Short text fragments from websites
* * * *
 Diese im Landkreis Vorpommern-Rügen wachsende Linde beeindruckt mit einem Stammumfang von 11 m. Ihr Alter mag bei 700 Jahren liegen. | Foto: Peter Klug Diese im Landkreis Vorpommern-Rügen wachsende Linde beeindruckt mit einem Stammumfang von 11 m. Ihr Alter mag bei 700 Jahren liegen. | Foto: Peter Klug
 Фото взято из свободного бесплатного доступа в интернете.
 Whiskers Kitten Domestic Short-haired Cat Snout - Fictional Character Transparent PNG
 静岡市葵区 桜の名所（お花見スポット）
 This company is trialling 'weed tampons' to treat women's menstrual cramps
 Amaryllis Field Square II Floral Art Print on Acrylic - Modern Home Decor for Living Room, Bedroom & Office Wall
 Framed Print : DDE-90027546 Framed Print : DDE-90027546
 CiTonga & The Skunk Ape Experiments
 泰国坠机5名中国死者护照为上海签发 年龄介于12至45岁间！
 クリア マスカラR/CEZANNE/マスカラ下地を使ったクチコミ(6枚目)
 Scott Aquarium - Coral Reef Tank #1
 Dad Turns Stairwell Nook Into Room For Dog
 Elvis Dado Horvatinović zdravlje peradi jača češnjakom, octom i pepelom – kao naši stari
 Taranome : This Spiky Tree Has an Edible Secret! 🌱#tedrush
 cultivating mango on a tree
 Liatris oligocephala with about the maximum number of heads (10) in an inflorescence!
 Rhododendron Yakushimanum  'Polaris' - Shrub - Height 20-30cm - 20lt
* * * *
**PROBLEM DESCRIPTION**.
The expected answer is an exact copy of the lines beginning at the one with "Dad Turns Stairwell Nook Into Room For Dog" and running to the end of the entries above.

**PROBLEM SOLUTION**.
 Dad Turns Stairwell Nook Into Room For Dog
 Elvis Dado Horvatinović zdravlje peradi jača češnjakom, octom i pepelom – kao naši stari
 Taranome : This Spiky Tree Has an Edible Secret! 🌱#tedrush
 cultivating mango on a tree
 Liatris oligocephala with about the maximum number of heads (10) in an inflorescence!
 Rhododendron Yakushimanum  'Polaris' - Shrub - Height 20-30cm - 20lt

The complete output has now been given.